## Stored data
· · · ·
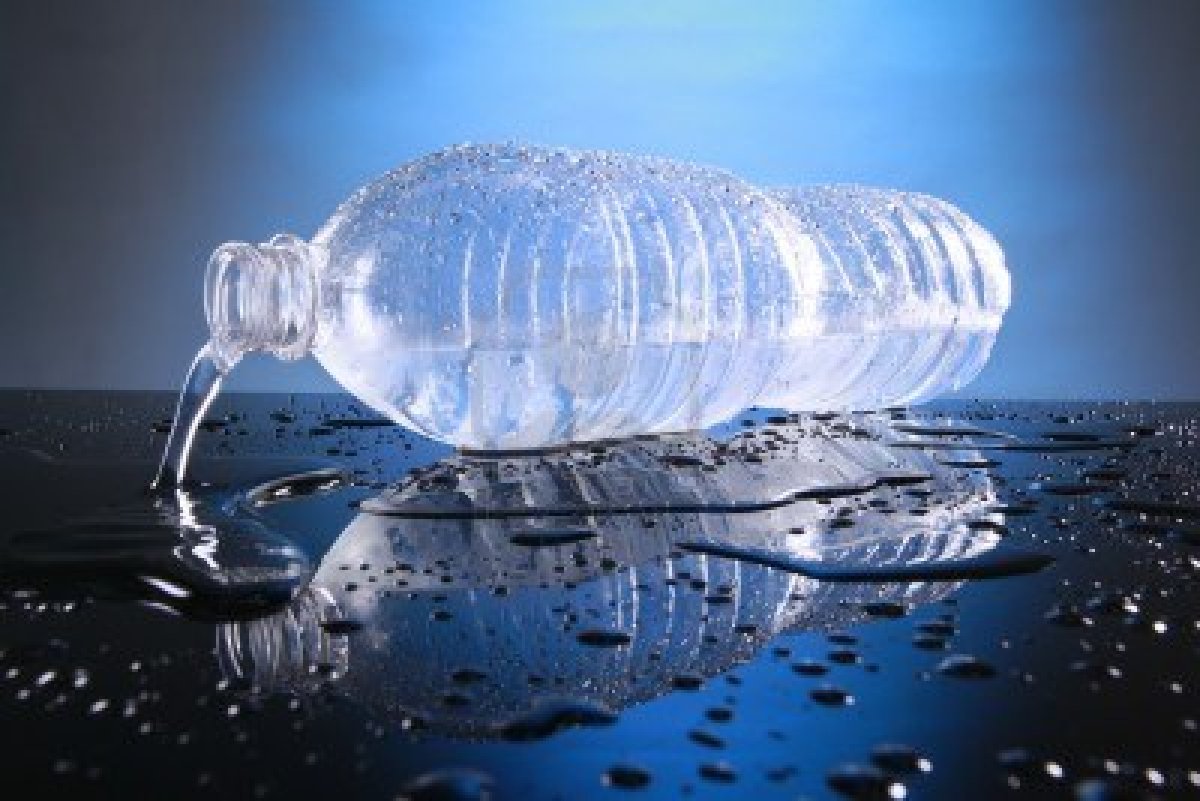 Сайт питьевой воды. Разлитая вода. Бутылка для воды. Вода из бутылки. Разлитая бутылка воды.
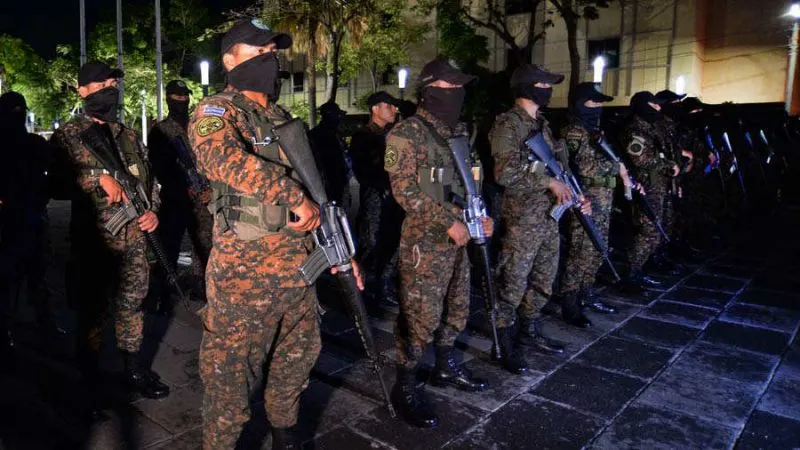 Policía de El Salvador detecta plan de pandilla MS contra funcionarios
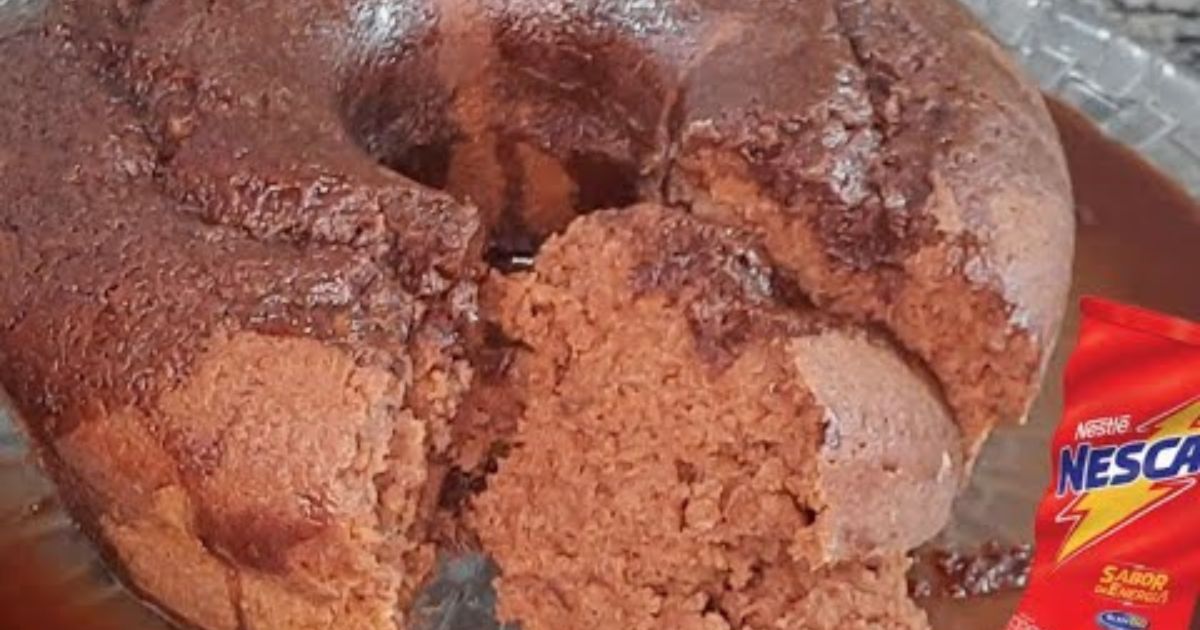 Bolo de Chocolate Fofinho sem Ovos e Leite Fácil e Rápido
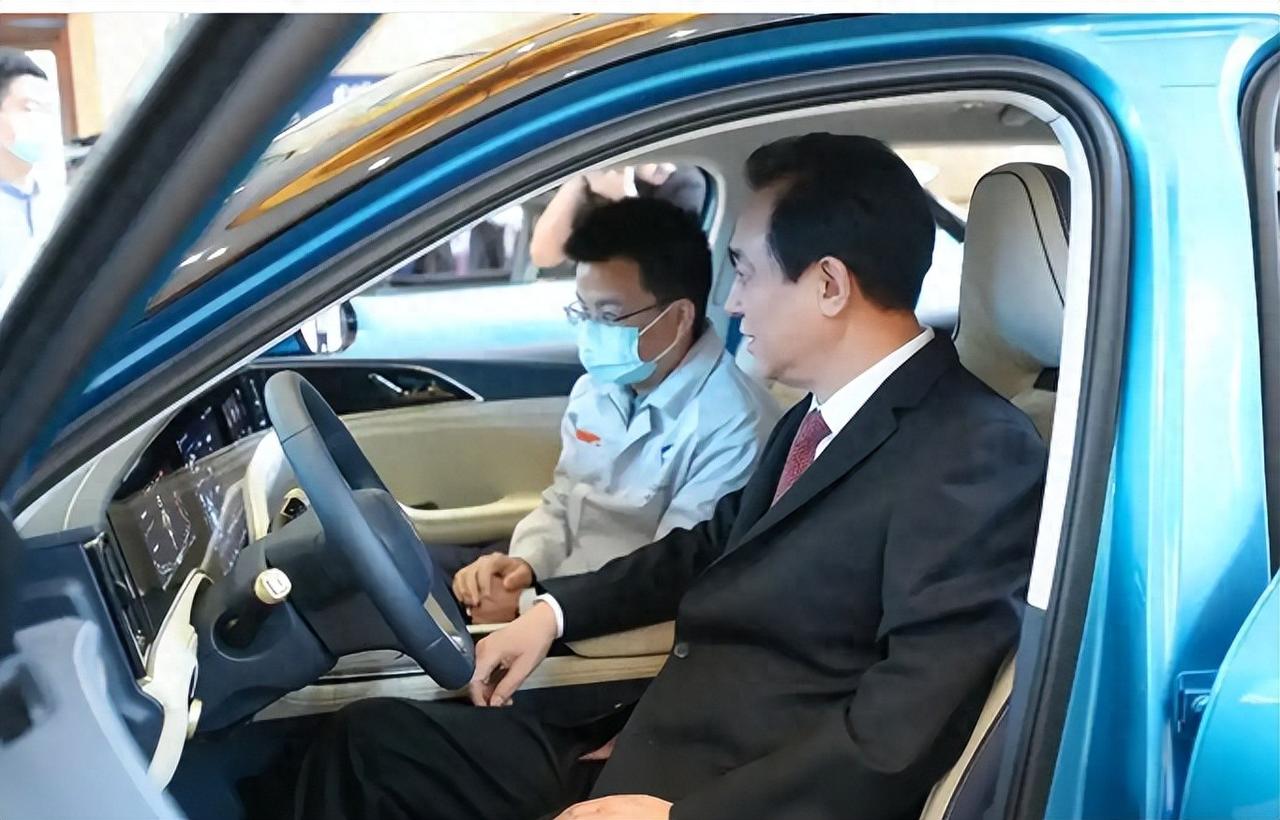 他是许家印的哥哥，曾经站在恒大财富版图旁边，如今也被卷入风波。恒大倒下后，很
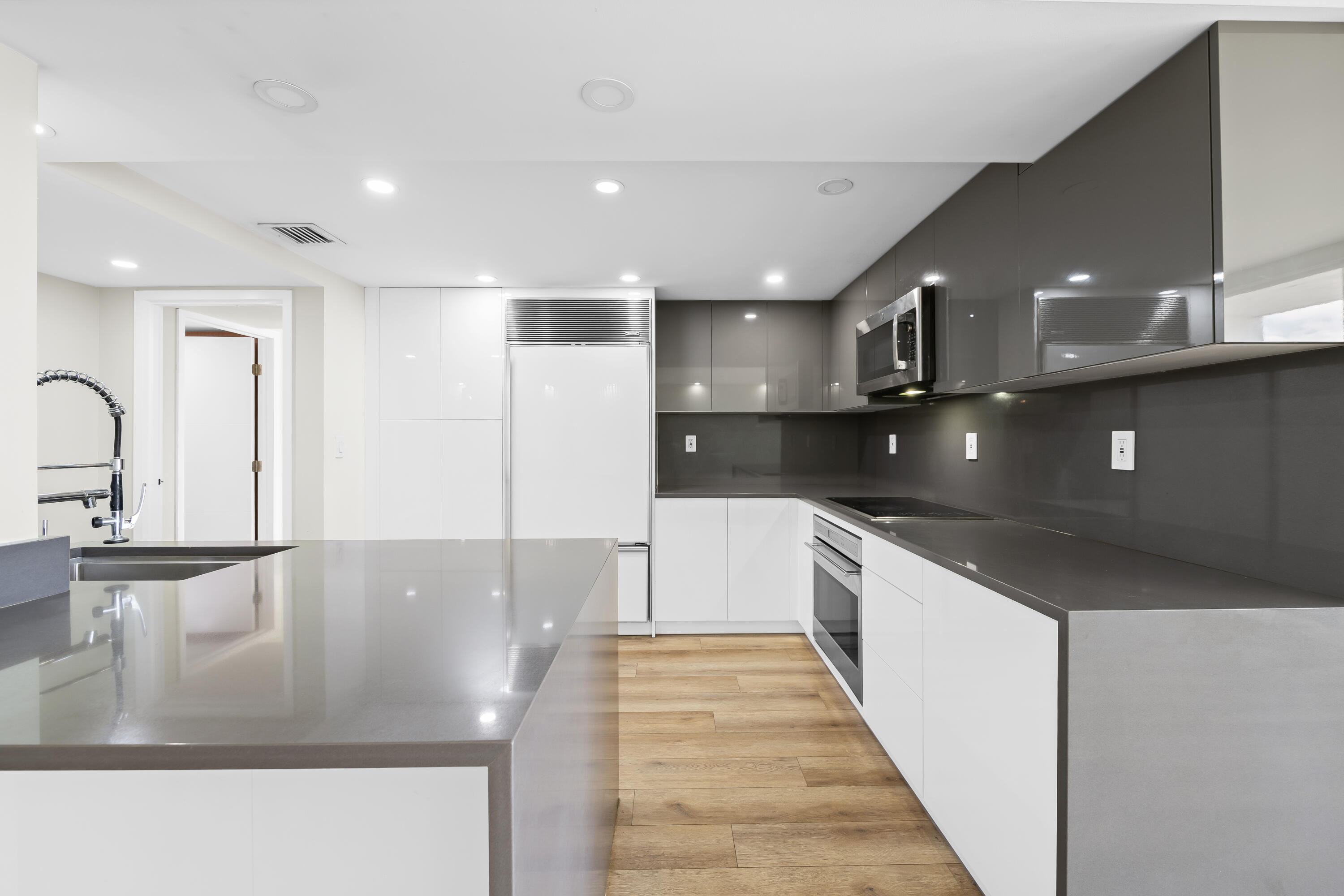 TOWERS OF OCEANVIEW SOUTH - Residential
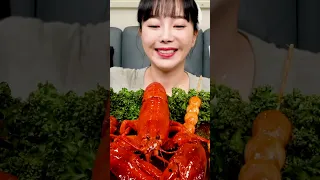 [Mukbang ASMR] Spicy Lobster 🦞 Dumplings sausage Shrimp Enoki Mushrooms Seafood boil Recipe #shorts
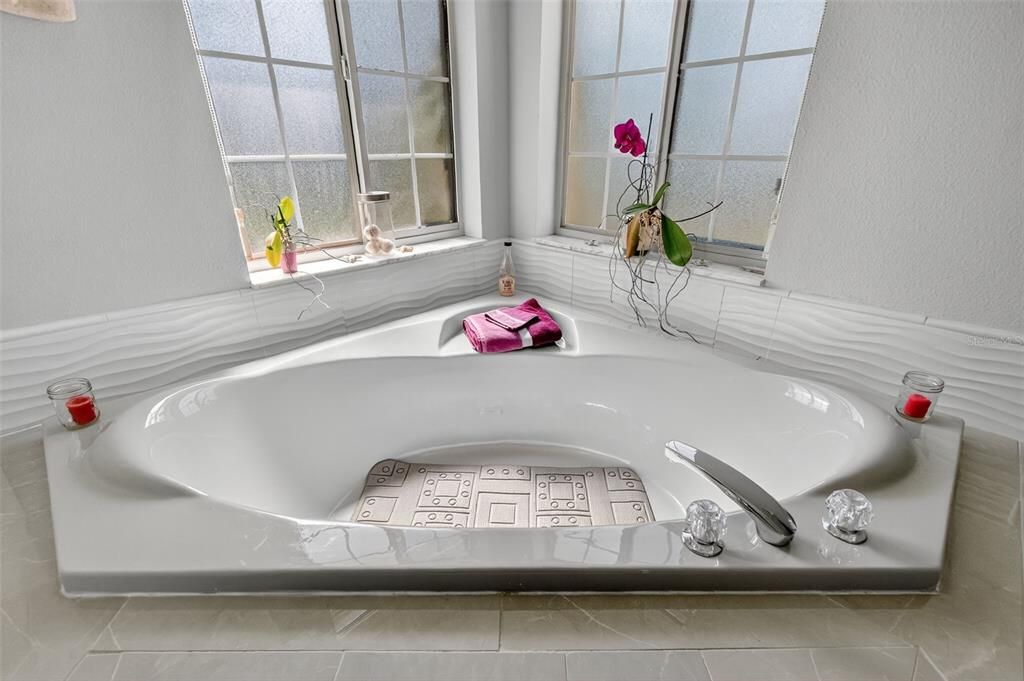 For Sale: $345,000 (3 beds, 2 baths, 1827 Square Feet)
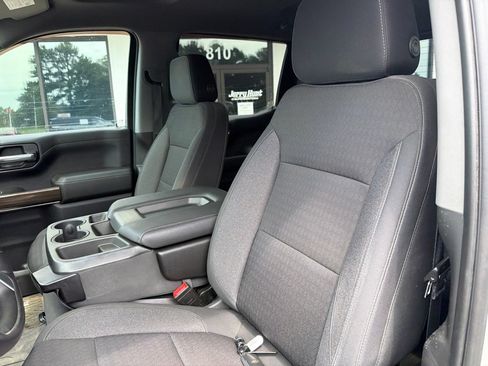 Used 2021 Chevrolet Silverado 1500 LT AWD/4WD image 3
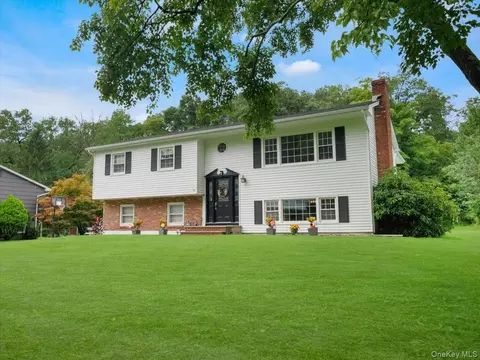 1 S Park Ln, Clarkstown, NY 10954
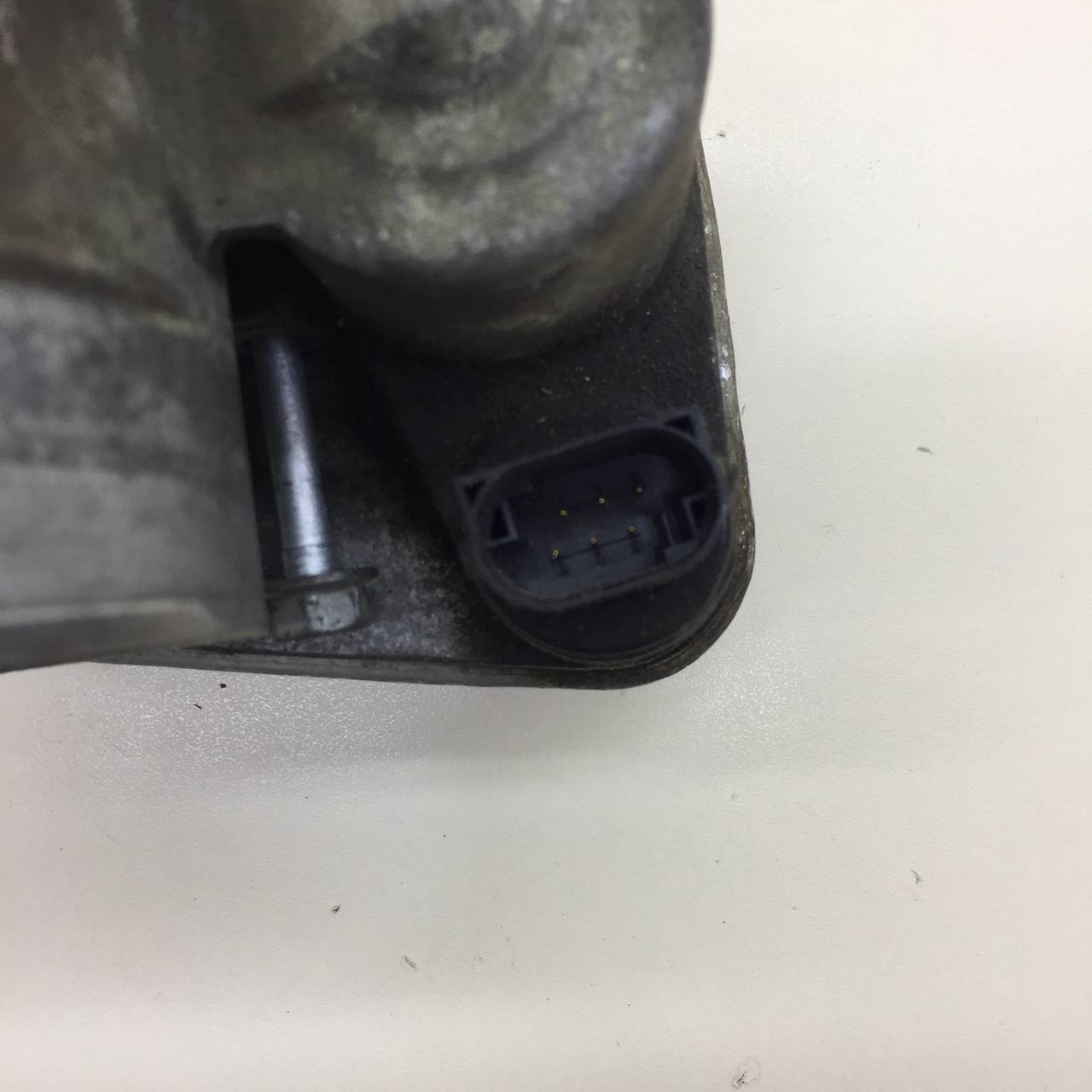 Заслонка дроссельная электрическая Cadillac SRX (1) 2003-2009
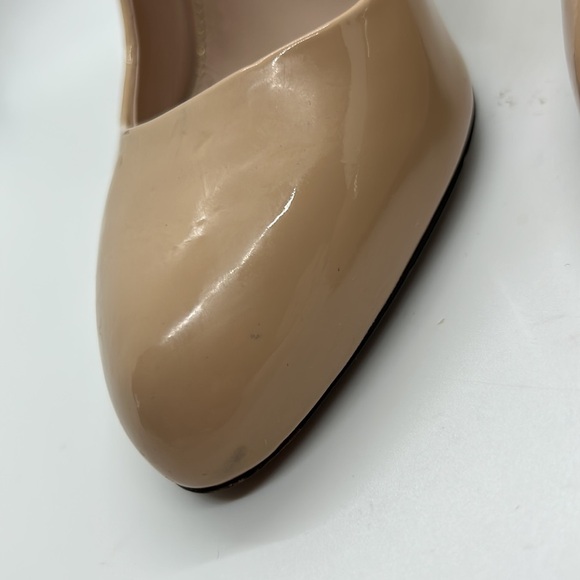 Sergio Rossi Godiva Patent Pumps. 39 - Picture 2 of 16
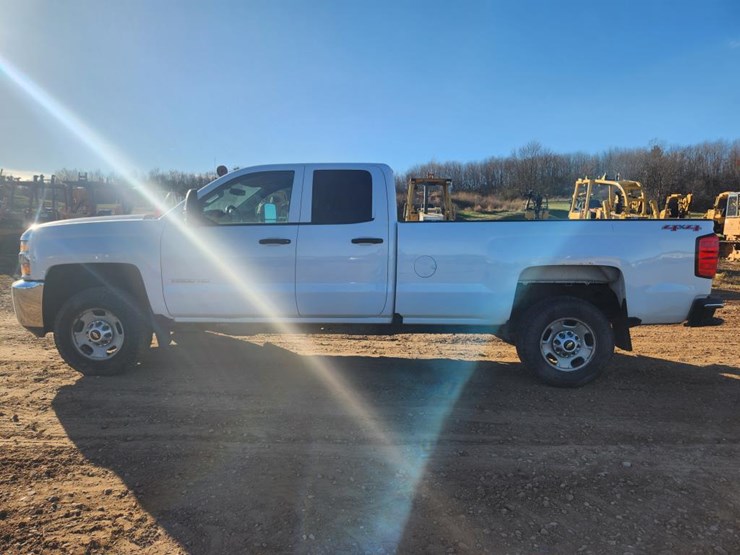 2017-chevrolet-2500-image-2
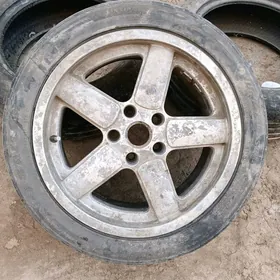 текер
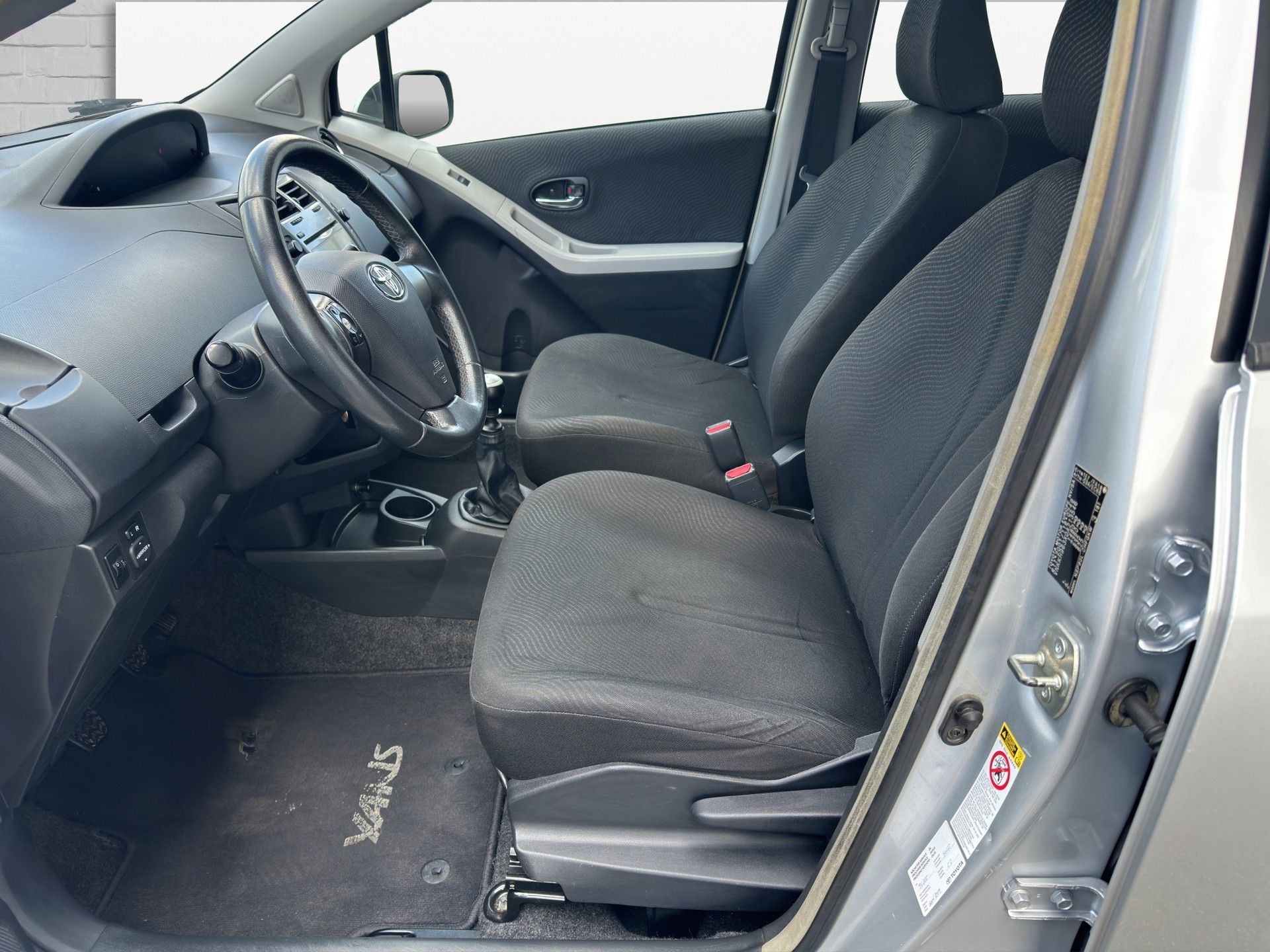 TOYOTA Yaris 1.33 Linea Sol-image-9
· · · ·
## Your goal
Images are to be left out; everything else in the material must be written out exactly.

## Output for this task
 Сайт питьевой воды. Разлитая вода. Бутылка для воды. Вода из бутылки. Разлитая бутылка воды.
 Policía de El Salvador detecta plan de pandilla MS contra funcionarios
 Bolo de Chocolate Fofinho sem Ovos e Leite Fácil e Rápido
 他是许家印的哥哥，曾经站在恒大财富版图旁边，如今也被卷入风波。恒大倒下后，很
 TOWERS OF OCEANVIEW SOUTH - Residential
 [Mukbang ASMR] Spicy Lobster 🦞 Dumplings sausage Shrimp Enoki Mushrooms Seafood boil Recipe #shorts
 For Sale: $345,000 (3 beds, 2 baths, 1827 Square Feet)
 Used 2021 Chevrolet Silverado 1500 LT AWD/4WD image 3
 1 S Park Ln, Clarkstown, NY 10954
 Заслонка дроссельная электрическая Cadillac SRX (1) 2003-2009
 Sergio Rossi Godiva Patent Pumps. 39 - Picture 2 of 16
 2017-chevrolet-2500-image-2
 текер
 TOYOTA Yaris 1.33 Linea Sol-image-9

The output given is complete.